Like October in New England, this creamy banana coconut rice pudding can be warm or cold. Be sure to try it with a cup of chai tea.

Banana Coconut Rice Pudding
Like October in New England, this creamy banana coconut rice pudding can be warm or cold. Be sure to try it with a cup of chai tea.

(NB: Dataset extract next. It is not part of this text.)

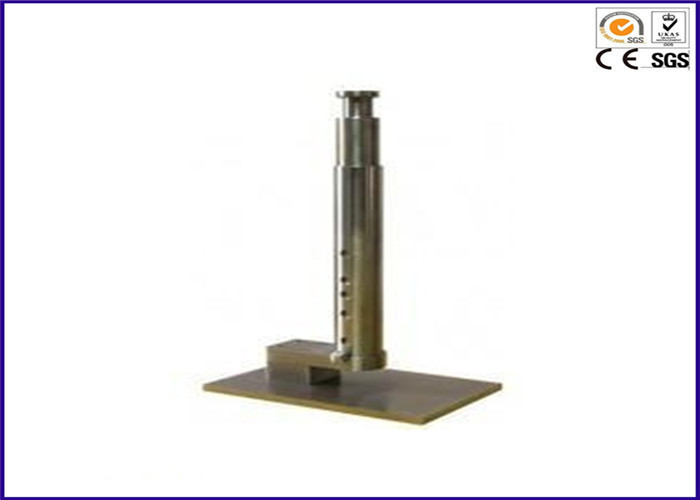 実験室は1つのkgの影響のハンマー試験装置の直径80 mm EN71-1をもてあそびます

Ready In: 1 hour 25 minutes
Level: Medium
Prep: 5 minutes
Cook: 20 minutes
Yields: 4 Servings
- 1/2 cup Stonyfield Organic Low Fat 1% Milk
- 3 Tbsp sugar
- 3/4 cup unsweetened shredded coconut (divided)
- 1 tsp vanilla
- 1 1/2 cups steamed rice
- 1 cup Stonyfield Organic Smooth & Creamy Whole Milk Banilla
- 1 large banana (sliced)
- 2 tsp cinnamon for garnish
Ingredients
directions
Step 1
In a medium-size saucepan over medium heat, combine milk, sugar and 1/2 cup of coconut.
Step 2
Bring to a simmer and remove from heat.
Step 3
Whisk in vanilla.
Step 4
In a medium size mixing bowl, add cooked rice and pour milk mixture over rice.
Step 5
Fold in yogurt and sliced bananas.
Step 6
Divide rice mixture evenly into 4 custard cups.
Step 7
Refrigerate for at least 1 hour.
Step 8
Add remaining 1/4 cup of shredded coconut to a small skillet over medium low heat and cook until golden brown, using a small spoon to turn coconut frequently.
Step 9
Top each serving with a dusting of cinnamon and toasted coconut.